▶ Exercise data
# # # # #
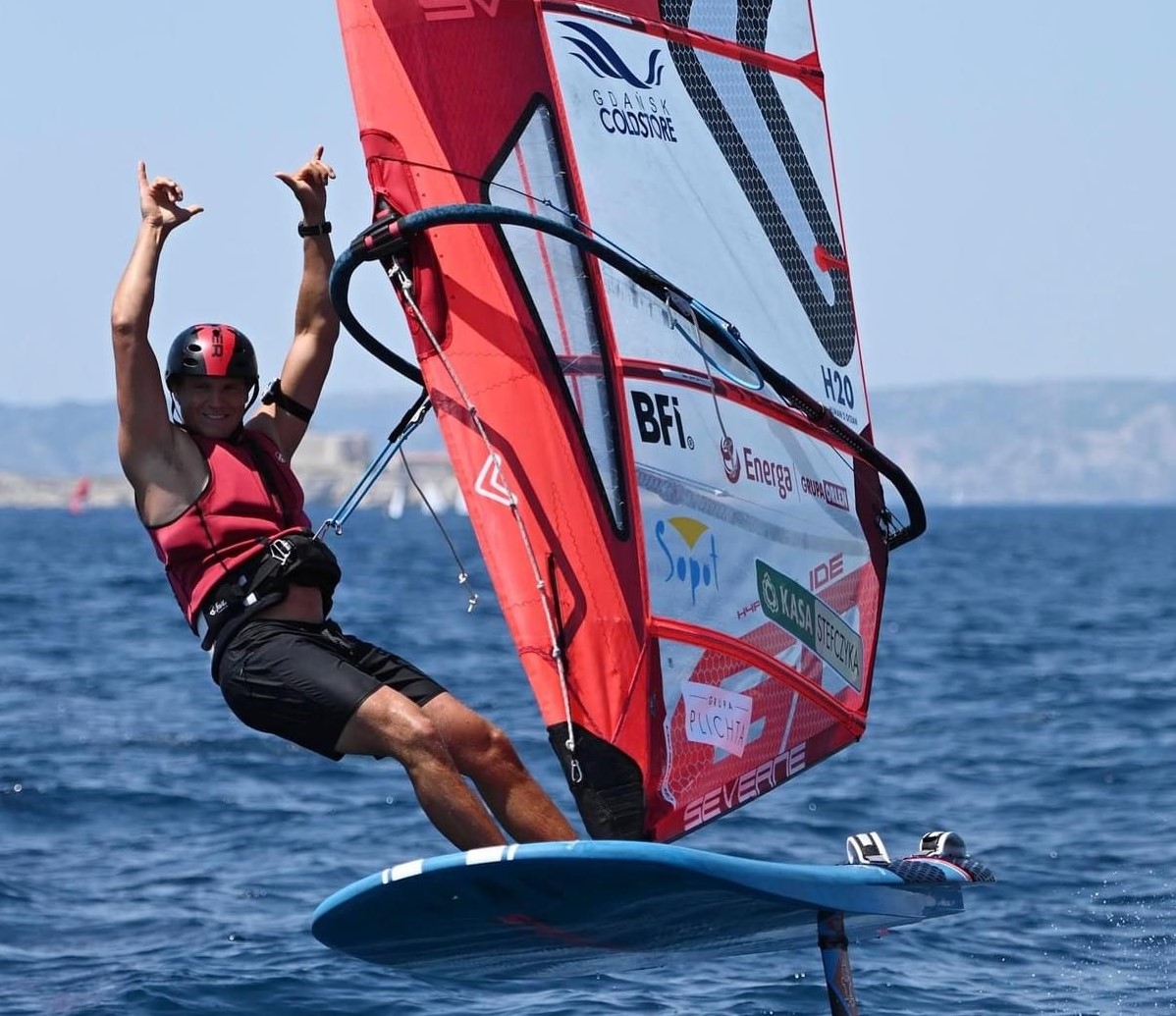PAOP sponsors Poland’s leading windsurfer 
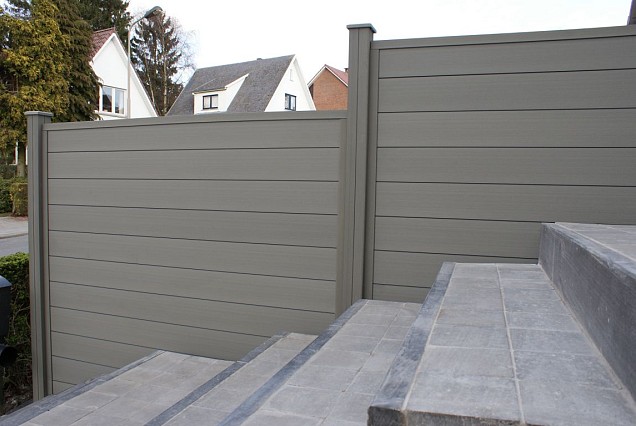 Tand en groefplank Tropical Brown lengte 180 cm met stalen verstevigingskern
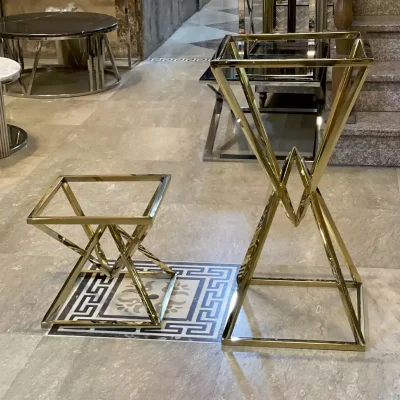 میز عسلی بلند استیل به رنگ طلایی با رویه شیشه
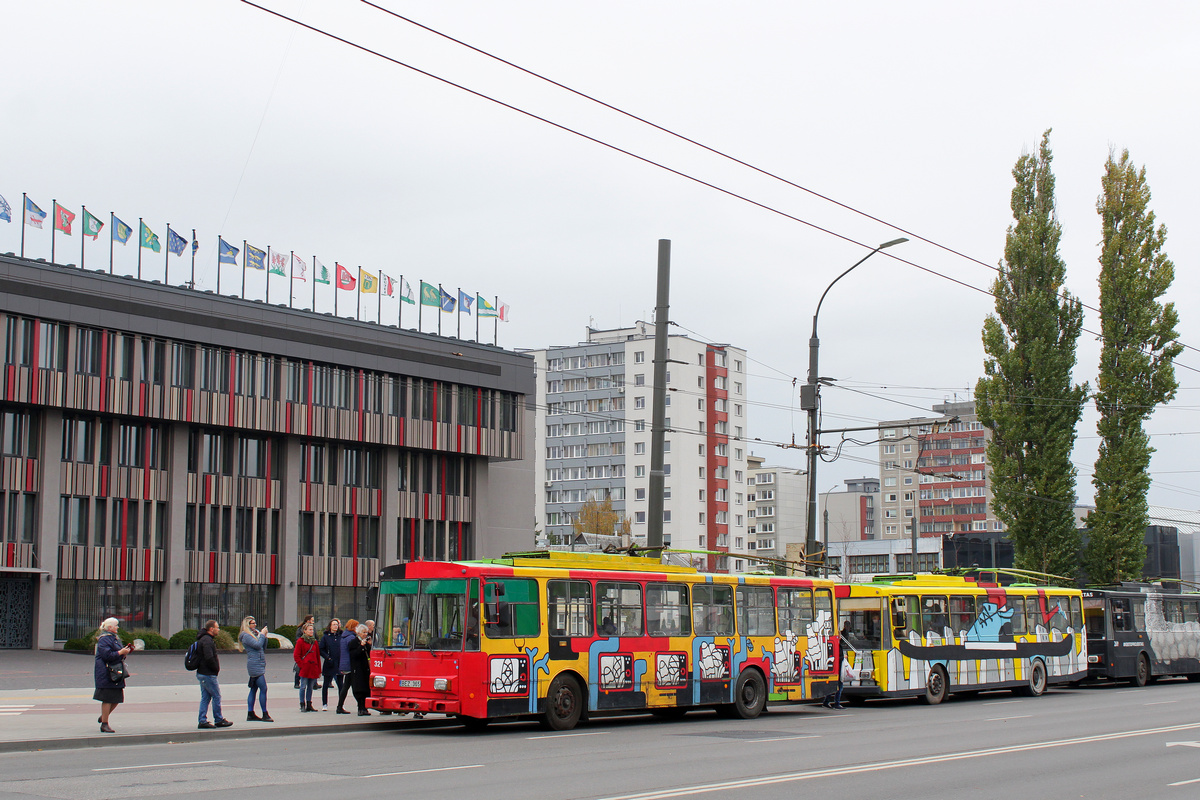 Каунас, Škoda 14Tr11/6 № 321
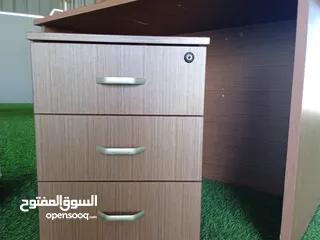  3 طاوله مكتبيه للبيع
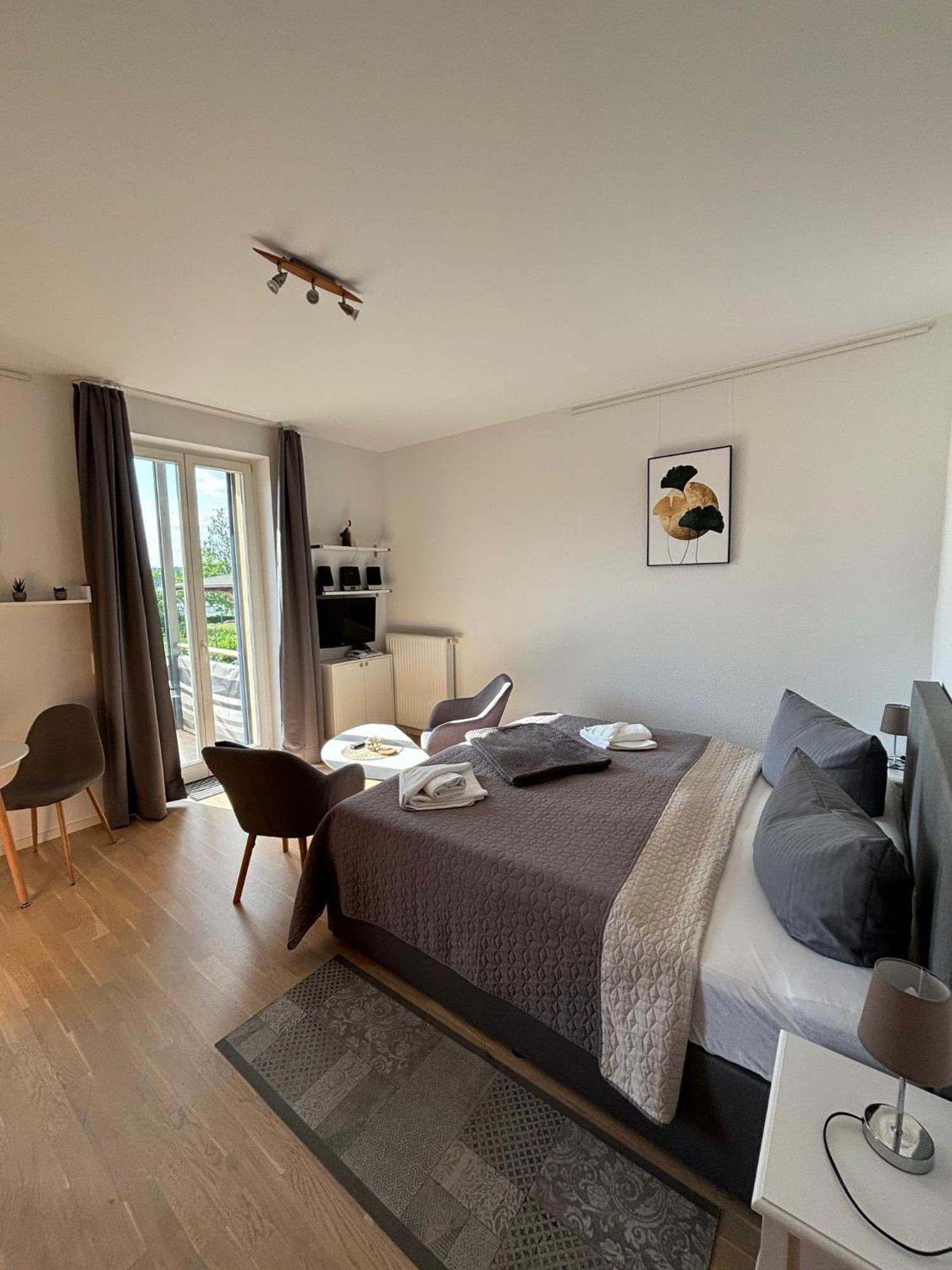 Einraumapartment Im Erdgeschoss Mit Seeblick Rheinsberg Exteriör bild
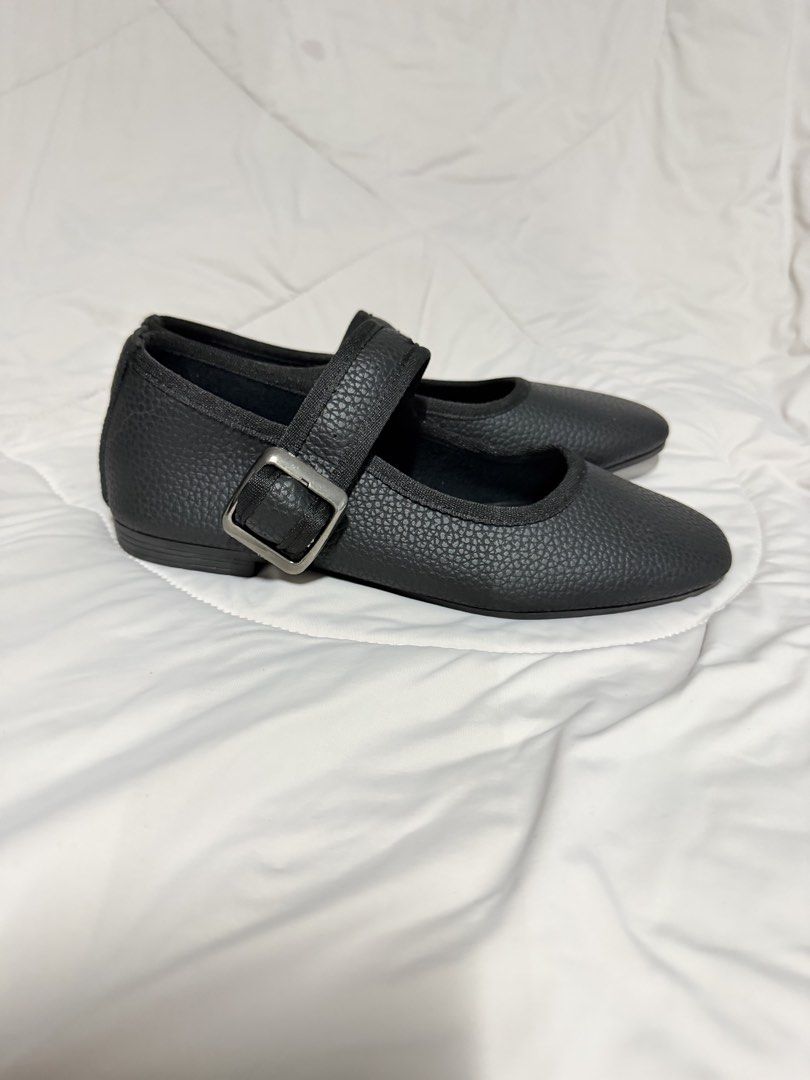 Textured Mary Janes Flats - Size 36 (Category: Flats & Sandals) located in Quezon City. Submitted by jessicakes007 (Listing ID 1460044194, Image 3). Description: RFS - wrong size.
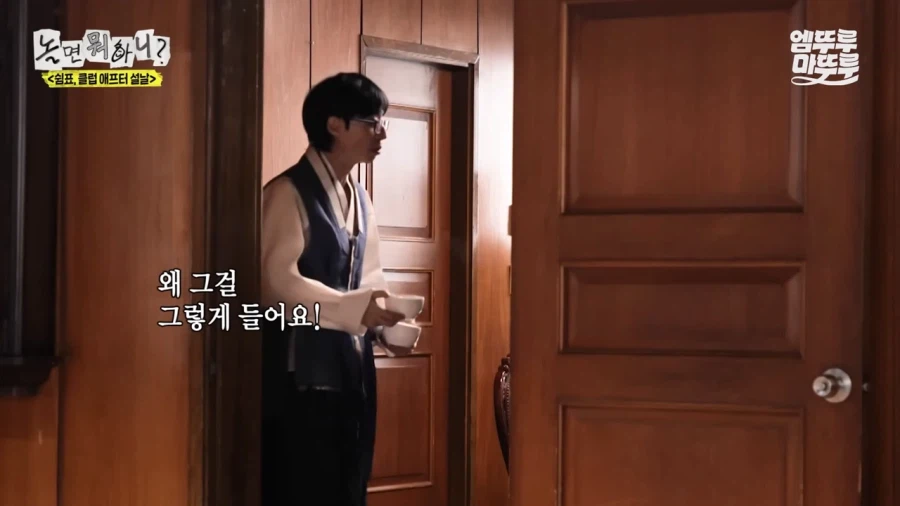 결혼사진을 들때 하면 안되는 자세_1.webp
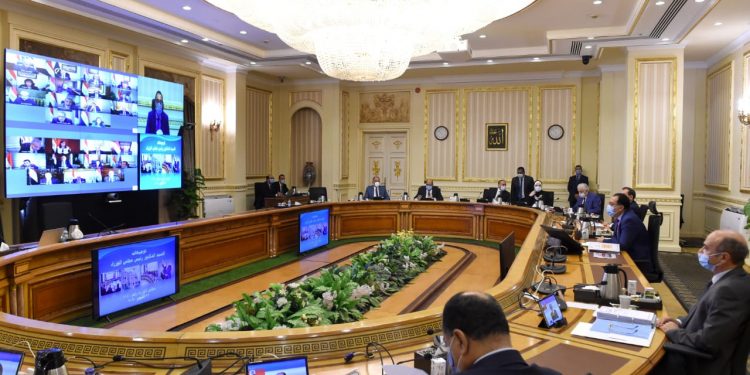 الوزراء يوجه بأهمية تضمين المناهج الدراسية على القضايا الوطنية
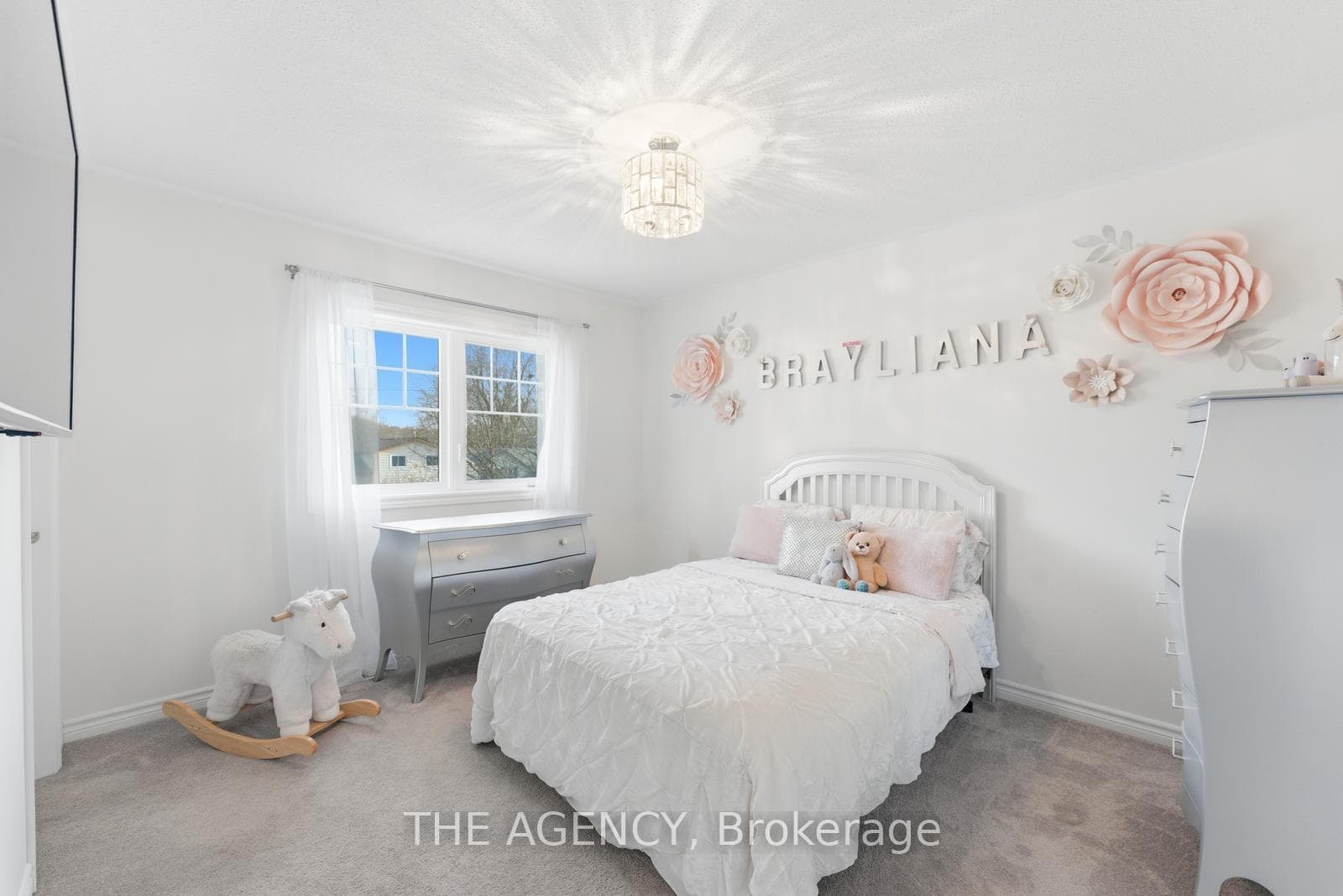 10 Maple Avenue photo 26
# # # # #
▶ To do
The job here is to retype the data exactly, with no pictures included.

▶ Result
PAOP sponsors Poland’s leading windsurfer 
 Tand en groefplank Tropical Brown lengte 180 cm met stalen verstevigingskern
 میز عسلی بلند استیل به رنگ طلایی با رویه شیشه
 Каунас, Škoda 14Tr11/6 № 321
  3 طاوله مكتبيه للبيع
 Einraumapartment Im Erdgeschoss Mit Seeblick Rheinsberg Exteriör bild
 Textured Mary Janes Flats - Size 36 (Category: Flats & Sandals) located in Quezon City. Submitted by jessicakes007 (Listing ID 1460044194, Image 3). Description: RFS - wrong size.
 결혼사진을 들때 하면 안되는 자세_1.webp
 الوزراء يوجه بأهمية تضمين المناهج الدراسية على القضايا الوطنية
 10 Maple Avenue photo 26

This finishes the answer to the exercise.